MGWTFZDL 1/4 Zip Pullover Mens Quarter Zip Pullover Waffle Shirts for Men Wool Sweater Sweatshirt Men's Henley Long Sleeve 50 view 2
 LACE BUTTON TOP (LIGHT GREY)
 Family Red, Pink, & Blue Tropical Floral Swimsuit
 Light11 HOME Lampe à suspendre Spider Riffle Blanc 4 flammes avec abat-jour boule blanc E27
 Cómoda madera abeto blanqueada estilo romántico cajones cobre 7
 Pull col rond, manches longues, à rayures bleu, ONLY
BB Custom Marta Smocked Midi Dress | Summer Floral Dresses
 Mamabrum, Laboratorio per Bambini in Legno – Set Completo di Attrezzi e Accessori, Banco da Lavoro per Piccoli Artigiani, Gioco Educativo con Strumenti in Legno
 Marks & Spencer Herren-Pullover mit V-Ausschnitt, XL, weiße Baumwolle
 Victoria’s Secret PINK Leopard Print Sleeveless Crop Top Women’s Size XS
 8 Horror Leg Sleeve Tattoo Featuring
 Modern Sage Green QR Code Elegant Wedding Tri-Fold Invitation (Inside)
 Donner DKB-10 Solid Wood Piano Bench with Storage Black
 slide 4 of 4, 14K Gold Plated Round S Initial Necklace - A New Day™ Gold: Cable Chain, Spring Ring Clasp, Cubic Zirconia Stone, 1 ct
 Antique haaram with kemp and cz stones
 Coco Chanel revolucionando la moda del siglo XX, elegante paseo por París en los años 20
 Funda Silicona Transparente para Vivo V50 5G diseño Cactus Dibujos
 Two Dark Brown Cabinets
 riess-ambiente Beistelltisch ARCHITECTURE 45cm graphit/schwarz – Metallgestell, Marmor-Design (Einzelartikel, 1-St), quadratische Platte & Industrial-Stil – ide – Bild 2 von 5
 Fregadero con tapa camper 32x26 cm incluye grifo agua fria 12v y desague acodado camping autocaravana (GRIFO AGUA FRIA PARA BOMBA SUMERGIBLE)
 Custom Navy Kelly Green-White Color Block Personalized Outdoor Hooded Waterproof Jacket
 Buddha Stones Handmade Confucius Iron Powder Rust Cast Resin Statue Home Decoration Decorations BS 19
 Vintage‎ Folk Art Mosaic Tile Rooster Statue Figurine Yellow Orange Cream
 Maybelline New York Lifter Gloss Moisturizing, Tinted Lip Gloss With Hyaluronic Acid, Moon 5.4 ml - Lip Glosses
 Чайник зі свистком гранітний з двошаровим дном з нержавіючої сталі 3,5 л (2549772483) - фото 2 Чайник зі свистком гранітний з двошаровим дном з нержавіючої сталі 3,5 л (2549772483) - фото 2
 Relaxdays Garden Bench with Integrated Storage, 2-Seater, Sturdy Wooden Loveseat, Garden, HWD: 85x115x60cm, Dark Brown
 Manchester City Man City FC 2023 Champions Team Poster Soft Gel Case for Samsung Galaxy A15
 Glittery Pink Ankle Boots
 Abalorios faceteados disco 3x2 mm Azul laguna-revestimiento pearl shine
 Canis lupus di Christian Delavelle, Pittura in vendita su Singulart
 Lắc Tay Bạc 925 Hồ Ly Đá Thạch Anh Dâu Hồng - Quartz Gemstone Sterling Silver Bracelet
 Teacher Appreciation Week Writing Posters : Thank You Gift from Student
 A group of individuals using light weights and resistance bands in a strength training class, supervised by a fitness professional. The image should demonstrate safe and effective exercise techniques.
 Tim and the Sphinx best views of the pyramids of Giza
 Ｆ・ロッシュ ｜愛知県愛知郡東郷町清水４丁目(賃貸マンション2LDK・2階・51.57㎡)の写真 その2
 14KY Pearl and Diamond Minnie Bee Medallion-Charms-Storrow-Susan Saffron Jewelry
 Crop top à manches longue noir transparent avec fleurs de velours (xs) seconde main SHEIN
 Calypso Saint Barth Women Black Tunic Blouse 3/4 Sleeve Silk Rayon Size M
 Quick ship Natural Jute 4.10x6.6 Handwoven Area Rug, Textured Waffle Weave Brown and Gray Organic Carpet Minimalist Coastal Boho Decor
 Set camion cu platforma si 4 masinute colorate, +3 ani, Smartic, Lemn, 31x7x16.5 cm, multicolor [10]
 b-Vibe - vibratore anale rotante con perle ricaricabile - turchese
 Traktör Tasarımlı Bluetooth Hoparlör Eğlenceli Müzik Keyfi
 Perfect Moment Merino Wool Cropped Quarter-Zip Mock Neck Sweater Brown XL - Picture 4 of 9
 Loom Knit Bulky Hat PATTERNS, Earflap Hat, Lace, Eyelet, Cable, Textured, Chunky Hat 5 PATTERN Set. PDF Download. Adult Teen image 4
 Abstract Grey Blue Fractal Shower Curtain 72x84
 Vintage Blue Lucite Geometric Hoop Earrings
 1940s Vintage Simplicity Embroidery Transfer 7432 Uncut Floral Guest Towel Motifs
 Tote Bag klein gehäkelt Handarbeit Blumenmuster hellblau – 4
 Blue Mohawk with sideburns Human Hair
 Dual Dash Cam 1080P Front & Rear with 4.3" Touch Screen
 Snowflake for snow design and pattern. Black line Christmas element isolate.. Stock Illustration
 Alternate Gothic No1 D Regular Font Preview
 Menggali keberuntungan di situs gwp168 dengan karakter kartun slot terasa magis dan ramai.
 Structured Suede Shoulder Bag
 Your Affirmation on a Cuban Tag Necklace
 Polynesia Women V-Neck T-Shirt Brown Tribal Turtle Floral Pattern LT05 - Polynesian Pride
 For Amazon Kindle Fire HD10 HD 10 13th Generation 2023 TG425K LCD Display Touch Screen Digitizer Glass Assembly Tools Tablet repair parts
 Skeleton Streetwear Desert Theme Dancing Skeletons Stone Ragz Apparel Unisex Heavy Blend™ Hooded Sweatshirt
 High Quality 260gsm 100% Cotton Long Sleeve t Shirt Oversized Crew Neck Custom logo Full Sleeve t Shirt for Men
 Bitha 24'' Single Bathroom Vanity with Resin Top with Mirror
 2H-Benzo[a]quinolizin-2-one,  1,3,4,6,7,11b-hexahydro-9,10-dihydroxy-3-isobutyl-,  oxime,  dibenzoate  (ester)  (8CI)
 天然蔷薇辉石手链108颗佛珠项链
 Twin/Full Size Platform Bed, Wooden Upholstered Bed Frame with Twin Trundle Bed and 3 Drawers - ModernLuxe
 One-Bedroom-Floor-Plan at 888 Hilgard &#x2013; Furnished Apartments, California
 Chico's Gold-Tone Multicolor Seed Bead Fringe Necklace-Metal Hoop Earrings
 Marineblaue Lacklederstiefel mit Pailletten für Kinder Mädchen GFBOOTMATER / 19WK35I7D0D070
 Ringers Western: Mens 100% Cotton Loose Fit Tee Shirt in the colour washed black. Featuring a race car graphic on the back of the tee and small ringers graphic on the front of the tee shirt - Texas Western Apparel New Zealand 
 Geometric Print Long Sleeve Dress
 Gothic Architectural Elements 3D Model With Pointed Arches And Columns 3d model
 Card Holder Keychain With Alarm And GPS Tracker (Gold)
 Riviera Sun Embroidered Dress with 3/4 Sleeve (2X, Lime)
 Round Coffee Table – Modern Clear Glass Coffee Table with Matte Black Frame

■ ■ ■ ■

_PROMPT:_ Each line of the listing above that includes the word "Sweater" is to be counted, and only the total reported.

_OUTPUT FOR THIS EXERCISE:_ 2